Ferromagnetic Quantum Critical Point in Non-Centrosymmetric Systems
T.R. Kirkpatrick, D. Belitz

TL;DR
This paper proposes that non-centrosymmetric metals with strong spin-orbit coupling can host a ferromagnetic quantum critical point, overcoming previous challenges caused by soft modes in clean systems.
Contribution
It demonstrates that the absence of inversion symmetry and strong spin-orbit interaction suppress soft modes, enabling quantum criticality in ferromagnetic metals.
Findings
Non-centrosymmetric metals can realize ferromagnetic quantum critical points.
Spin-orbit interaction suppresses soft modes that hinder quantum criticality.

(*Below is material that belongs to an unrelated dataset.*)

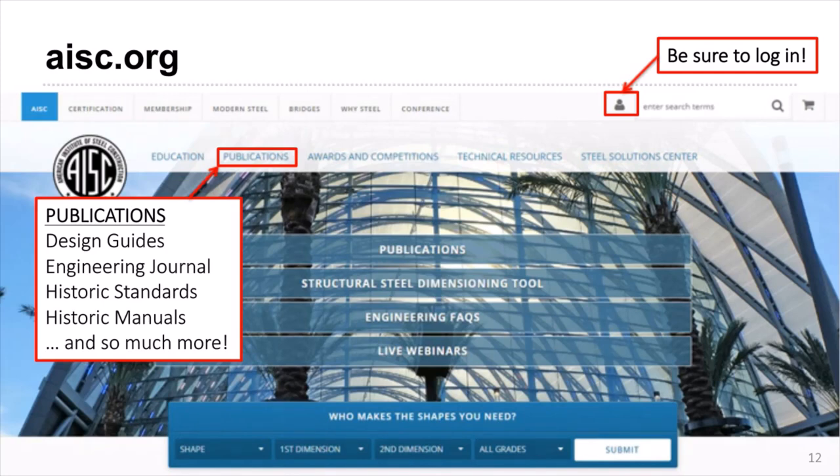A quick pointer on how to find those resources on the AISC website: make sure you log in with your membership account. Within the Publications tab, you will find electronic copies of the Engineering Journal, Historic Standards and Manuals, as well as the ability to download any of our 35 design guides.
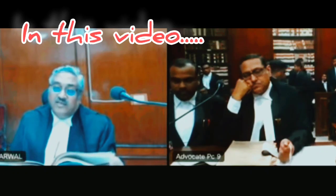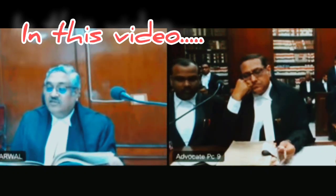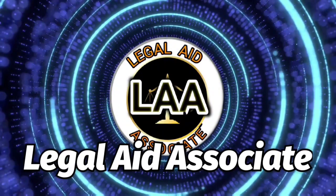A petition was filed against an order. A show cause notice was issued as to why proceedings under Rule 14 of the Madhya Pradesh Civil Services Classification, Control and Appeal Rules would be initiated.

Absence of inversion symmetry prevents new soft modes from disrupting critical behavior.
Abstract
Ferromagnetic quantum criticality in clean metals has proven elusive due to fermionic soft modes that drive the transition first order. We show that non-centrosymmetric metals with a strong spin-orbit interaction provide a promising class of materials for realizing a ferromagnetic quantum critical point in clean systems. The spin-orbit interaction renders massive the soft modes that interfere with quantum criticality in most materials, while the absence of spatial inversion symmetry precludes the existence of new classes of soft modes that could have the same effect.